Interestingly, we report an increase in epitope levels of phospho-HSP27, a small heat-shock induced protein and apoptosis modulator, as a function of prolonged cold ischemic time. It is believed that this protein in the phosphorylated form has a role in increasing cell survival in stress situations and is upregulated in breast and other cancers.34, 35, 36 Espina et al19 have previously provided evidence about the post-excisional reactivity and dynamic state of tissues and the major molecular events and adoptive cellular mechanisms in response to stress, hypoxia, and other environmental factors.This result was also consistent with the previous study from our team showing that some proteins that are expressed in response to hypoxia, presented increased expression with increased time-to-fixation.17

We did not observe any change in expression levels of phospho-ER that are potentially valuable as a companion diagnostic test for breast cancer specimens. It has been shown that phospho-HER2 is seen in only a subset of HER2 amplified breast cancers and there is some data suggesting that it is a prognostic factor.37 However, only a small subset of patients in our cohort is HER2 amplified and an even smaller subset shows high expression of phospho-HER2. Thus interpretation of these results is limited owing to a very small sample size of the population. Therefore this variable has been omitted from consideration in this series.

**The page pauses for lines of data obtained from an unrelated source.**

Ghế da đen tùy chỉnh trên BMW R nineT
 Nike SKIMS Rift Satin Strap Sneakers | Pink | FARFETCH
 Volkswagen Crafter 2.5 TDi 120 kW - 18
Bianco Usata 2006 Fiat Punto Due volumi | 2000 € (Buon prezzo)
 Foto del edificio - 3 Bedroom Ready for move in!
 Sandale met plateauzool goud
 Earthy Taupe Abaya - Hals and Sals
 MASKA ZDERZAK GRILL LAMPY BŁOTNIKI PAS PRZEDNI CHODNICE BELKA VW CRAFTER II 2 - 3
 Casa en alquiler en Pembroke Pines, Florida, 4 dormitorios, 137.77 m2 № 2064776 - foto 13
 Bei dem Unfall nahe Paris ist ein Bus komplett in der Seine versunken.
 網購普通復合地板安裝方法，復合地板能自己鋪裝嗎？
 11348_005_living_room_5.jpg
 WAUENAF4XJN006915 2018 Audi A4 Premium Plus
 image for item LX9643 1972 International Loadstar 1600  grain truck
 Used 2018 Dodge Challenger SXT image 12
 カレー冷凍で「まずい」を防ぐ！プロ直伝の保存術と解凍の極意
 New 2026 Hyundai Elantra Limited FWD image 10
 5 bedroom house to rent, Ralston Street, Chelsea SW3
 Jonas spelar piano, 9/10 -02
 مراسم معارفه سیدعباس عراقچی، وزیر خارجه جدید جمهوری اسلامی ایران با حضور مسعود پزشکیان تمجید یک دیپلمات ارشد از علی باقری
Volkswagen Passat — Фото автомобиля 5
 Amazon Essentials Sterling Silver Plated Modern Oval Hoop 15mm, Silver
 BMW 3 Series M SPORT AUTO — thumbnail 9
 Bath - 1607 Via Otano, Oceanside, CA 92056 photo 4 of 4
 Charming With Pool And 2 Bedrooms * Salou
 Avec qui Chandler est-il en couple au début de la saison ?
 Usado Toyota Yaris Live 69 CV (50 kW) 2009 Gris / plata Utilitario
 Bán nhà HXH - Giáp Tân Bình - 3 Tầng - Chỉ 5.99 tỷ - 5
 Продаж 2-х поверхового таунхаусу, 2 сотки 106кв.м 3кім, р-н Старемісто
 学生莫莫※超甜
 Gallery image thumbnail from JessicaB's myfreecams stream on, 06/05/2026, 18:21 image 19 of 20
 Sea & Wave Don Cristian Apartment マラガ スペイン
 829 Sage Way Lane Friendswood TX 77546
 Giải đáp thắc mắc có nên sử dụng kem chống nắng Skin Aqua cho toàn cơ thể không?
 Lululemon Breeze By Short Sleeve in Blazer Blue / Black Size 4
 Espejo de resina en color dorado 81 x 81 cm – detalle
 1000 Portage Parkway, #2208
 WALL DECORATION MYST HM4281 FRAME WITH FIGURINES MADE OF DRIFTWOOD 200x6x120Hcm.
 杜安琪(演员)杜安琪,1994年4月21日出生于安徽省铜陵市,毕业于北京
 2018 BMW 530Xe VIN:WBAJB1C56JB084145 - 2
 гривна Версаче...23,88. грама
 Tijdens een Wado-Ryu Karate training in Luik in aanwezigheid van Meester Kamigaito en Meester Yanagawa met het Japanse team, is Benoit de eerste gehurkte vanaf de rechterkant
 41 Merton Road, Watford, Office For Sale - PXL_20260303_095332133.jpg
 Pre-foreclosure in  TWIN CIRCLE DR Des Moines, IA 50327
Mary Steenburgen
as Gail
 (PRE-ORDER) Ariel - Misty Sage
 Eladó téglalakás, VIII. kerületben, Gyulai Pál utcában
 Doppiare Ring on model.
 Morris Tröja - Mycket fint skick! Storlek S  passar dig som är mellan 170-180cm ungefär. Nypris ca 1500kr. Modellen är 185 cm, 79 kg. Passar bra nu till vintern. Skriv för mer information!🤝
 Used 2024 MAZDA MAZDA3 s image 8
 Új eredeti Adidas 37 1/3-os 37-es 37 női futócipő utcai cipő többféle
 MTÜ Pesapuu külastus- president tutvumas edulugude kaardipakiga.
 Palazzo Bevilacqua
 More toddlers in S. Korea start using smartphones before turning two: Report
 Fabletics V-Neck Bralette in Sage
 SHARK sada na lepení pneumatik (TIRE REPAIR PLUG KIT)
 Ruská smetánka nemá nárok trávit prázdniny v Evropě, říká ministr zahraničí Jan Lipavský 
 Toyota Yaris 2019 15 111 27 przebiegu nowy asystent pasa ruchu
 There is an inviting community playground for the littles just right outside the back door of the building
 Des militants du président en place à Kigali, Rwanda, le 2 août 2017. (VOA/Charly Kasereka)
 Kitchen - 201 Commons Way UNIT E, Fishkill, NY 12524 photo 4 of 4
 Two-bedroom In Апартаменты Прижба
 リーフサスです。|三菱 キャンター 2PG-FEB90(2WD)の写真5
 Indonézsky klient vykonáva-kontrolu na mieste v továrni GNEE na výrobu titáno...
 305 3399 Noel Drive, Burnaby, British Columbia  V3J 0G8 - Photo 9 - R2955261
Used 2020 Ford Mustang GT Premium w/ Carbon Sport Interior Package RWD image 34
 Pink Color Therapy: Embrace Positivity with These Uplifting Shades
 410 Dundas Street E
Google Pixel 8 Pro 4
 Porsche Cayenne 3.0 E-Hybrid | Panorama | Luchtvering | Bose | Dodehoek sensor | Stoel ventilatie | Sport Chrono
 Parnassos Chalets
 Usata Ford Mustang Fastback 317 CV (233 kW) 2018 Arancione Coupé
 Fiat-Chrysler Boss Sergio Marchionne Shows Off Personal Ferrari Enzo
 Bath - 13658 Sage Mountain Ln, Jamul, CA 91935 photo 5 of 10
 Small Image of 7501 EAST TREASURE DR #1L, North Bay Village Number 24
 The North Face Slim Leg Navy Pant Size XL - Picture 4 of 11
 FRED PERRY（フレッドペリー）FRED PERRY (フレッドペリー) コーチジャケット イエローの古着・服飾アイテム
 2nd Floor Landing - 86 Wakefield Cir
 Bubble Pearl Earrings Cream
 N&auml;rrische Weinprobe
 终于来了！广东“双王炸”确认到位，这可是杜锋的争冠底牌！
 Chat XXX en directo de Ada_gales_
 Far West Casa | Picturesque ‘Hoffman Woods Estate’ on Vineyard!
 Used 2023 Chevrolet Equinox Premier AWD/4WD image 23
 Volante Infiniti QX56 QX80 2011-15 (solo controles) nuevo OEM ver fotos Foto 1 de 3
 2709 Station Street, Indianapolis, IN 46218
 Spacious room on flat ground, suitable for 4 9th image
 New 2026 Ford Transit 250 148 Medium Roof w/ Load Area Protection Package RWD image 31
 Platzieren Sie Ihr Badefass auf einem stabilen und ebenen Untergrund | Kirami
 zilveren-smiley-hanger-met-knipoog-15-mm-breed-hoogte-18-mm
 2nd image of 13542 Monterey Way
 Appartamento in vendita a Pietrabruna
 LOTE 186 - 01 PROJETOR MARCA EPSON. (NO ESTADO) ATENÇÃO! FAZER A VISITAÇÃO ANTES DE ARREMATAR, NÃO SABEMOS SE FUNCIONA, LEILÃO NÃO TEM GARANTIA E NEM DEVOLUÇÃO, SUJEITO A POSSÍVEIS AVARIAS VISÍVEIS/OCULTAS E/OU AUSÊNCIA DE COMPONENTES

Another limitation of our study is that the assessment of the phosphoepitopes was performed with one epitope specific antibody for each protein, respectively one polyclonal antibody. The results reported here are therefore only applicable to the specific antibody, which was investigated. Although we evaluated antibodies most commonly used in research settings and validated them rigorously, we are unable to generalize our findings of loss of epitope expression to overall biomarker stability, but rather describe the influence of cold ischemic time on the specific epitopes tested here. Furthermore our study was performed on a single cohort. However, similar trends of loss of phosphoepitopes have been reported previously,18, 20 None the less, validation on another cohort could strengthen these results. Also, the trends seen here may become statistically stronger with larger sample sizes and other patient cohorts. Finally, another weakness of this work consists of the fact that analysis was performed on breast cancer tissue only. Different tumor types may show different reactions to preanalytic variables as a function of the variable cellular composition of different specimens.38, 39, 40

To our knowledge, this study is the first to show quantitative assessment and reporting on a series of different phosphoepitopes that might be altered through preanalytical variables. This study and others suggest future work that is specific to other tumor types and other preanalytic variables to help guide protocols for future companion diagnostic tests. We hope to see the evidence produced here and by other investigators to help establish guidelines for immunohistochemisty with respect to preanalytic variables.